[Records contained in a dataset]
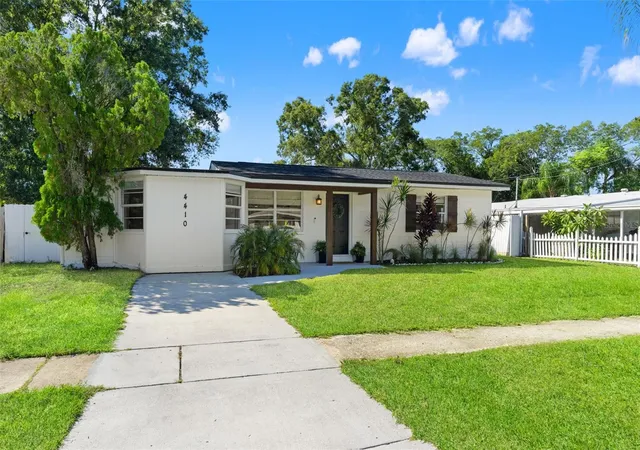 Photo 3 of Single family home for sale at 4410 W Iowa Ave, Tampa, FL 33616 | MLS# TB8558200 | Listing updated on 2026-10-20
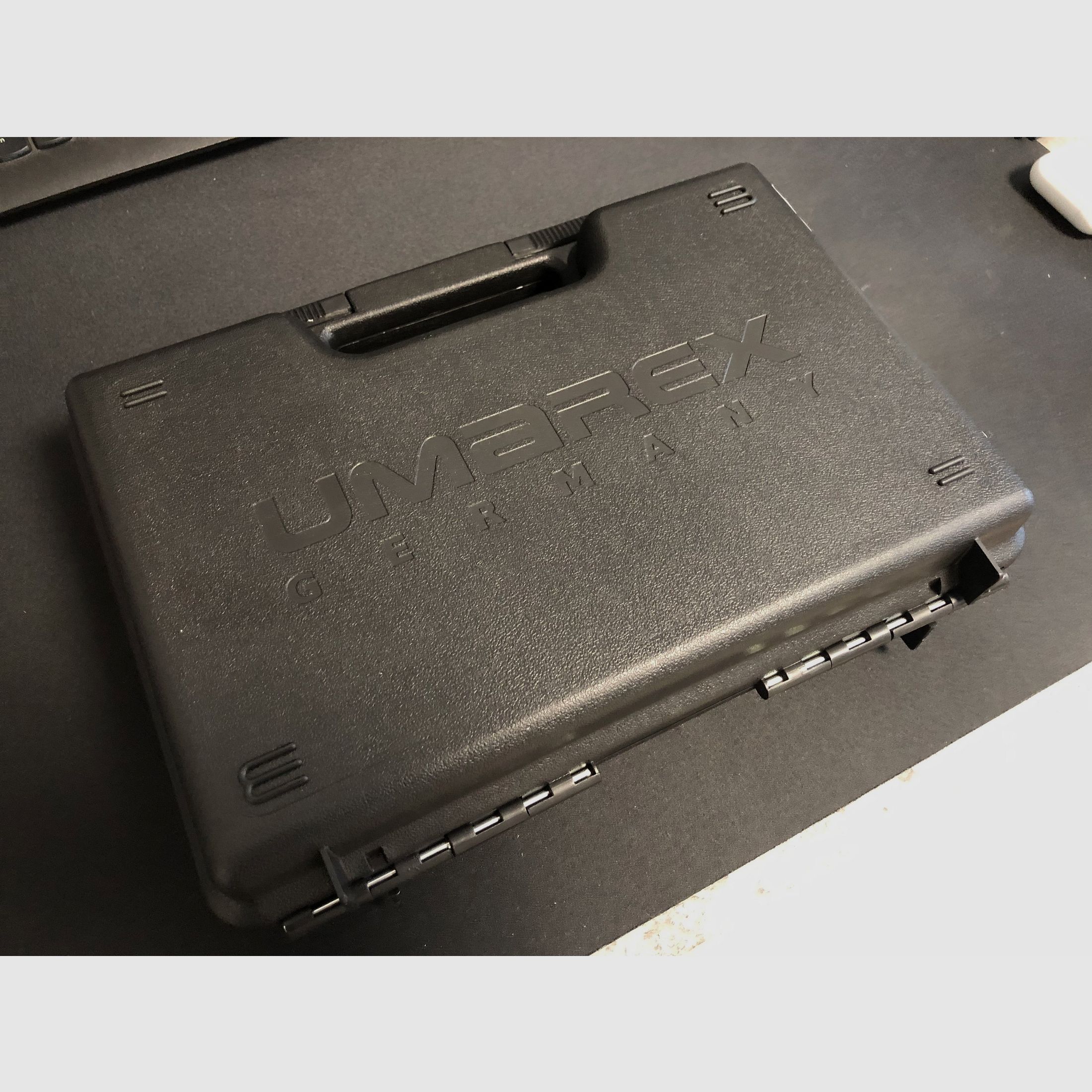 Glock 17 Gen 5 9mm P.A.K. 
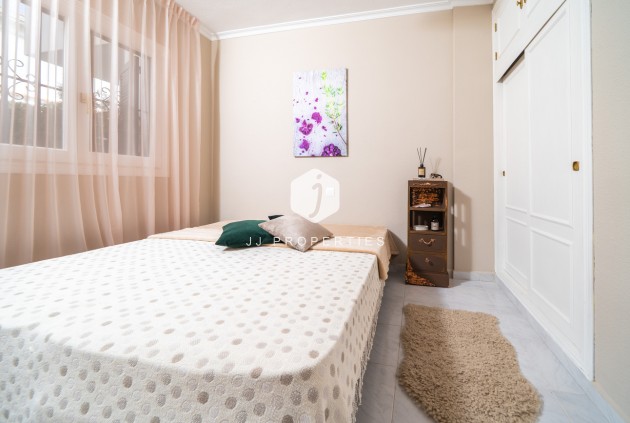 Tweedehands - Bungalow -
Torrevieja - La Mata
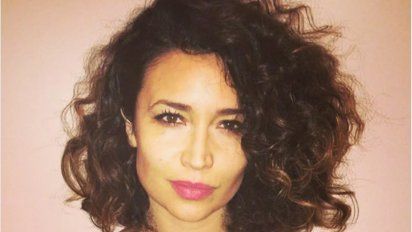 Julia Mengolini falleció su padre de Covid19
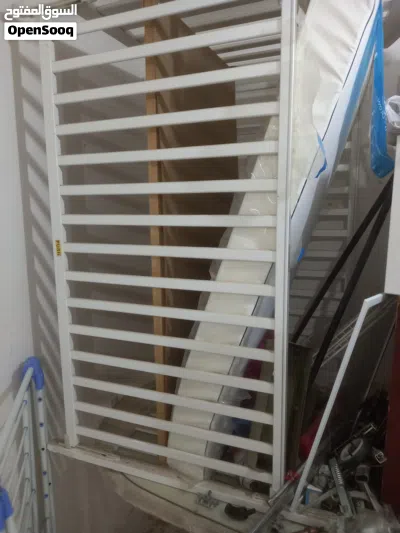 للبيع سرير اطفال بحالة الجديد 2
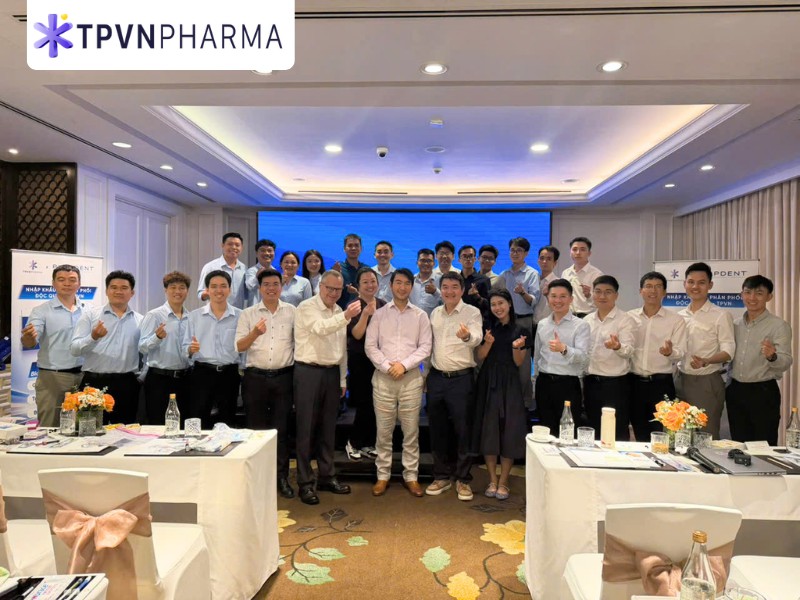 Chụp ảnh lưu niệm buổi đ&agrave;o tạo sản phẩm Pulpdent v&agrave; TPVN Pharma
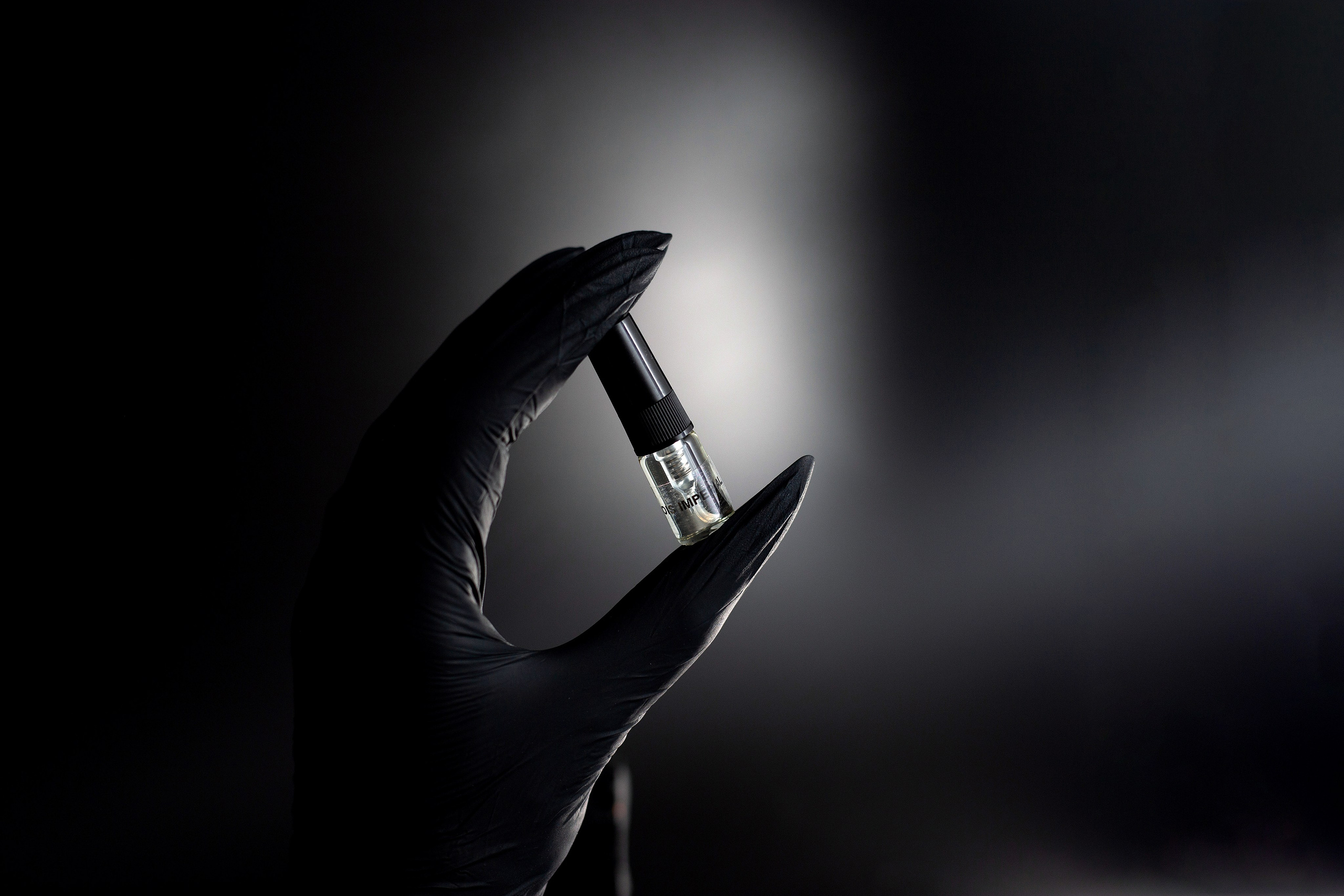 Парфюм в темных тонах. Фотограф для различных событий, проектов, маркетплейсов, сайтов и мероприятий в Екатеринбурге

→ **Task prompt**: Print the data above from its first line through the line that has "للبيع سرير اطفال بحالة الجديد 2", exactly and with nothing else, omitting pictures.

→ **Answer for this exercise**:
 Photo 3 of Single family home for sale at 4410 W Iowa Ave, Tampa, FL 33616 | MLS# TB8558200 | Listing updated on 2026-10-20
 Glock 17 Gen 5 9mm P.A.K. 
 Tweedehands - Bungalow -
Torrevieja - La Mata
 Julia Mengolini falleció su padre de Covid19
 للبيع سرير اطفال بحالة الجديد 2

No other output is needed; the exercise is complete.